About me
I am a third year PhD student in computer science at the The University of Washington, where I work
with Hannaneh Hajishirzi and Ali Farhadi.
My research spans natural language processing and computer vision. Prior to UW, I received my B.Sc. in computer engineering from Sharif University of Technology.
I publish under my full name Mohammadreza, and go by Reza among my friends.
To masters and undergraduate students: I'm looking for motivated students to work with us on some cool large-scale multi-modal video projects. Please email me your CV and a link to your code portfolio (e.g.
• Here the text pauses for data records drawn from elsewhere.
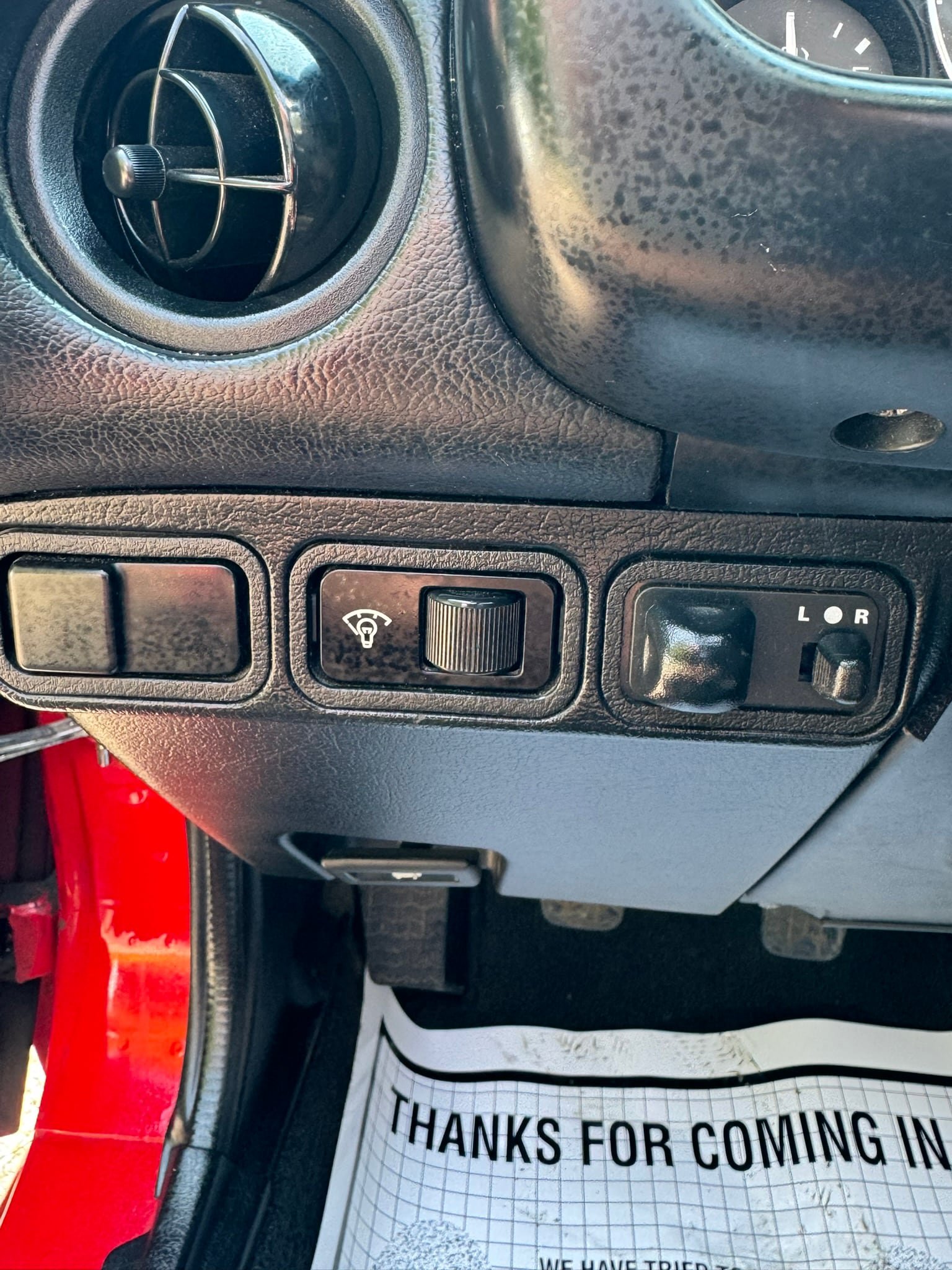 Used 1993 MAZDA MX-5 Miata RWD image 17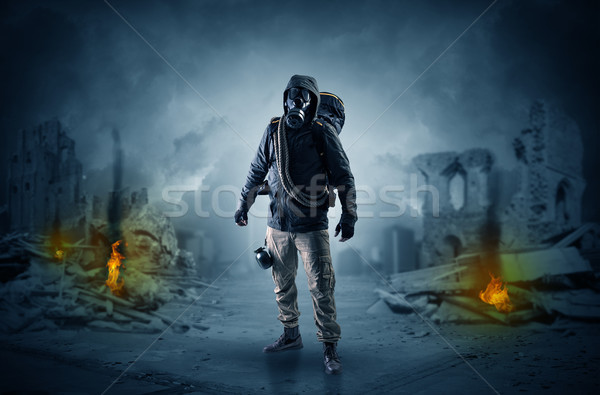 Catástrofe hombres máscara de gas armas destruido lugar Foto stock © ra2studio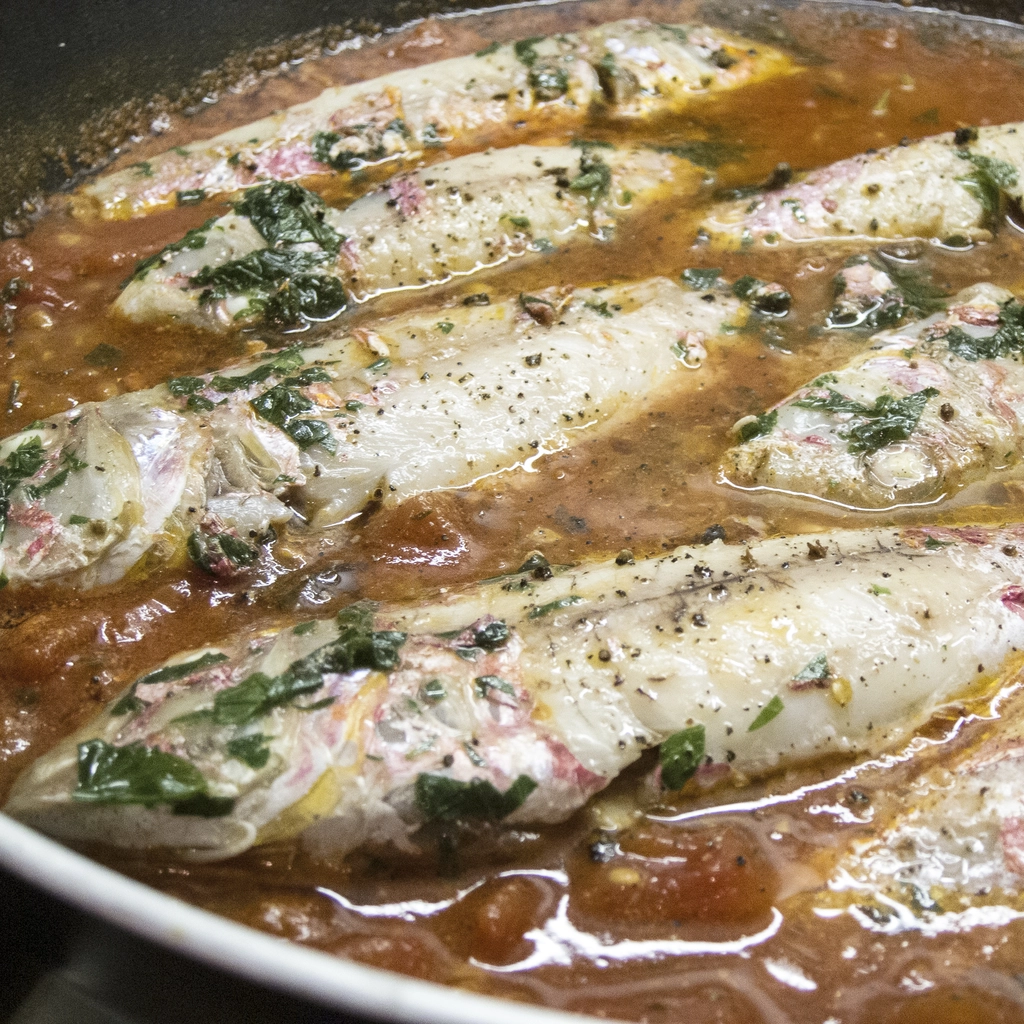 Triglie in umido al pomodoro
Github acount etc.) if you are interested!
News
Publications
For the full list of publications please visit the publications page.
CLIP meets Model Zoo Experts: Pseudo-Supervision for Visual Enhancement
Mohammadreza Salehi, Mehrdad Farajtabar, Maxwell Horton, Fartash Faghri, Hadi Pouransari, Raviteja Vemulapalli, Oncel Tuzel, Ali Farhadi, Mohammad Rastegari, Sachin Mehta
UniReps Workshop at NeurIPS'23 (under submission to TMLR)
arXiv / Code (Soon!)
TL;DR
We showed how one can merge any task-specific expert model from open-source model zoos into foundation models (FMs) such as CLIP. This enhances the visual features of FM for dense prediction and localization tasks without collecting any supervised data.
SHARCS: Efficient Transformers through Routing with Dynamic Width Sub-networks
Mohammadreza Salehi, Sachin Mehta, Aditya Kusupati, Ali Farhadi, Hannaneh Hajishirzi.
EMNLP'23 Findings
arXiv / Code
TL;DR
We introduced a new sample adaptive inference method called SHARCS🦈. It routes samples to different sub-networks with varying widths within any transformer network based on the hardness of input sample.
Attentional Mixtures of Soft Prompt Tuning for Parameter-efficient Multi-task Knowledge Sharing
Akari Asai, Mohammadreza Salehi, Matthew E. Peters, Hannaneh Hajishirzi.
EMNLP'22
arXiv / Code
TL;DR
We introduced a new parameter-efficient fine-tuning method based on prompt tuning. In our method, prompts for some source tasks are learnt and for each sample in a new target task an attentional mixture of source prompts is used as the target prompt.
MERLOT Reserve: Multimodal Neural Script Knowledge through Vision and Language and Sound
Rowan Zellers, Jiasen Lu, Ximing Lu, Youngjae Yu, Yanpeng Zhao, Mohammadreza Salehi, Aditya Kusupati, Jack Hessel, Ali Farhadi, Yejin Choi.
CVPR'22
arXiv / Code
TL;DR
We introduce MERLOT Reserve, which learns from 20 million YouTube videos through all their modalities (audio, vision, and text). Learning from audio helps broadly -- even on single-image tasks like VCR. Our model learns state-of-the-art representations, that also transfer well to video-based tasks in a zero-shot setting.
Paraphrase Generation by Learning How to Edit from Samples
Amirhossein Kazemnejad, Mohammadreza Salehi, Mahdieh Soleymani Baghshah.
ACL'2020
ACL Anthology
TL;DR
Paraphrase generation by retrieving similar paraphrase pairs from a pre-existing corpus and editing them using multi-head attention mechanism.